▸ **What this task involves**:
Scan the entries for the word "view". Every line that has it should be copied.

▸ **Entries shown**:
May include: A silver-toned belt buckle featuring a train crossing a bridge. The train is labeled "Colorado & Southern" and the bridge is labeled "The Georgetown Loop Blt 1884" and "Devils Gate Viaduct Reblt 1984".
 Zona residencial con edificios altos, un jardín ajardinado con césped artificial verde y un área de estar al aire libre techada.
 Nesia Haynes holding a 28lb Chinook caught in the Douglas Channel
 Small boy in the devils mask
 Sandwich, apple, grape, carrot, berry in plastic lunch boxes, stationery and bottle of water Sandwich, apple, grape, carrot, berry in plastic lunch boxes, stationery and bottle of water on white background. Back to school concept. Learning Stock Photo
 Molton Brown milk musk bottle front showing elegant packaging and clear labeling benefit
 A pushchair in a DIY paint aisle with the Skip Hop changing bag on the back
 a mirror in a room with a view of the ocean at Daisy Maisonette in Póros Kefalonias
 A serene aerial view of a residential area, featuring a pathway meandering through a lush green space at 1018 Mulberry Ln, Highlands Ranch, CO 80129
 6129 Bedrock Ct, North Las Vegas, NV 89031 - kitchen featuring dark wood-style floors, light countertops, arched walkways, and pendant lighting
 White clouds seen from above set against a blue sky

▸ **Answer for the task**:
 a mirror in a room with a view of the ocean at Daisy Maisonette in Póros Kefalonias
 A serene aerial view of a residential area, featuring a pathway meandering through a lush green space at 1018 Mulberry Ln, Highlands Ranch, CO 80129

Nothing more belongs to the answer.